:: Material for this exercise

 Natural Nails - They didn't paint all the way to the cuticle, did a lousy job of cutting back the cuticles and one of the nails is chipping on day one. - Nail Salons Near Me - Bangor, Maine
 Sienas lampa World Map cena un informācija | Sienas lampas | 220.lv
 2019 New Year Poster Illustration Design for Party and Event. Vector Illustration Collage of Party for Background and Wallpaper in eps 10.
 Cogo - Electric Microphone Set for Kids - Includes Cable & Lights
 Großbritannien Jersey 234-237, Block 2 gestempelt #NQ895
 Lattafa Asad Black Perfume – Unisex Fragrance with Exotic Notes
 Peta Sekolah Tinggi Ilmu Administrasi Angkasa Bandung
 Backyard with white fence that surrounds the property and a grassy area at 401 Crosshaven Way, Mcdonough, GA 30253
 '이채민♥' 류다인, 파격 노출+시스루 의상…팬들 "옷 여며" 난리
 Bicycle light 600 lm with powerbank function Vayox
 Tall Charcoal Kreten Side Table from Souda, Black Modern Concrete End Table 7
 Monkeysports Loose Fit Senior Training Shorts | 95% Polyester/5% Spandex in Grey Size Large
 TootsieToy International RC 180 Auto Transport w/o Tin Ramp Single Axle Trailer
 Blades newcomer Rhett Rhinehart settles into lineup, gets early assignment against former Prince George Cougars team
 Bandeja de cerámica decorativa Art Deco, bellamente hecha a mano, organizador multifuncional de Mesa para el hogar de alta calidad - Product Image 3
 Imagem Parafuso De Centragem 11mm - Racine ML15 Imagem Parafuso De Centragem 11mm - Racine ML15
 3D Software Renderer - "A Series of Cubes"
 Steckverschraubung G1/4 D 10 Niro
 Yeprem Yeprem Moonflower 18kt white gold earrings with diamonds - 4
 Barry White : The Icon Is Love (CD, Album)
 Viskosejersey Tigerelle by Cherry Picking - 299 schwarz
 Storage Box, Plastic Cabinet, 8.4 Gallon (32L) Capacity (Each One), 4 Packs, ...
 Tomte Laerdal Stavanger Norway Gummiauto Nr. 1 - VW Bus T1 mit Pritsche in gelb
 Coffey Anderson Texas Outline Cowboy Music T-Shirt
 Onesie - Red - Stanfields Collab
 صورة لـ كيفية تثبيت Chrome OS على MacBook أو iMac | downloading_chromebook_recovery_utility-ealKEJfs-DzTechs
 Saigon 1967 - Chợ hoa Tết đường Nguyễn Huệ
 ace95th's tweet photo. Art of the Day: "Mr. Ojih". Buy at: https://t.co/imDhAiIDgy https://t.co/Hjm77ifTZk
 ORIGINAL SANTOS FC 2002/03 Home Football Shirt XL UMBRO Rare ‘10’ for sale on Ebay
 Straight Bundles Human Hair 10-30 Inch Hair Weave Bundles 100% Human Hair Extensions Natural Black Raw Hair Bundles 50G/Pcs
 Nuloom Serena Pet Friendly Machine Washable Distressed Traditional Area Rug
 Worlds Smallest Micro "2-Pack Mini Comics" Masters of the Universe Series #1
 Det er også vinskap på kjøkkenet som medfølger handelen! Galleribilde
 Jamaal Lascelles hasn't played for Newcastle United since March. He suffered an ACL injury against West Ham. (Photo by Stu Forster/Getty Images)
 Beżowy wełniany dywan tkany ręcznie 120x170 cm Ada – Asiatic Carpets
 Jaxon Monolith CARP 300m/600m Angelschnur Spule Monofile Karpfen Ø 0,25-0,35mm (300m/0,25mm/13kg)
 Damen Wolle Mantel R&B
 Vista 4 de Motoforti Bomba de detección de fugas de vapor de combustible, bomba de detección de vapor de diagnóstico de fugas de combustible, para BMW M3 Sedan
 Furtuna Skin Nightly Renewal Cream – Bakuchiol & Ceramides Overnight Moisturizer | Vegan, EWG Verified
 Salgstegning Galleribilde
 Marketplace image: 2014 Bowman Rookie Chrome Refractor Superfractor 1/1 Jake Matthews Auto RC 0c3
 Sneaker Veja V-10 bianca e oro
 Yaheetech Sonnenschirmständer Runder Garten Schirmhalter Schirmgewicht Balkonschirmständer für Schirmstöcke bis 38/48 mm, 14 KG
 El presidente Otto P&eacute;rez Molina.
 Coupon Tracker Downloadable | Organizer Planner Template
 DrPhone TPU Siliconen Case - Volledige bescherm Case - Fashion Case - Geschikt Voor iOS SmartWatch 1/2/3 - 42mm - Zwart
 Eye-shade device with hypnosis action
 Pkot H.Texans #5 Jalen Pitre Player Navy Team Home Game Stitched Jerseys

::::

Please output the lines of the listing above that fall in the stretch from the one with "Sienas lampa World" through the one with "Peta Sekolah Tinggi", exactly and only those.

 Sienas lampa World Map cena un informācija | Sienas lampas | 220.lv
 2019 New Year Poster Illustration Design for Party and Event. Vector Illustration Collage of Party for Background and Wallpaper in eps 10.
 Cogo - Electric Microphone Set for Kids - Includes Cable & Lights
 Großbritannien Jersey 234-237, Block 2 gestempelt #NQ895
 Lattafa Asad Black Perfume – Unisex Fragrance with Exotic Notes
 Peta Sekolah Tinggi Ilmu Administrasi Angkasa Bandung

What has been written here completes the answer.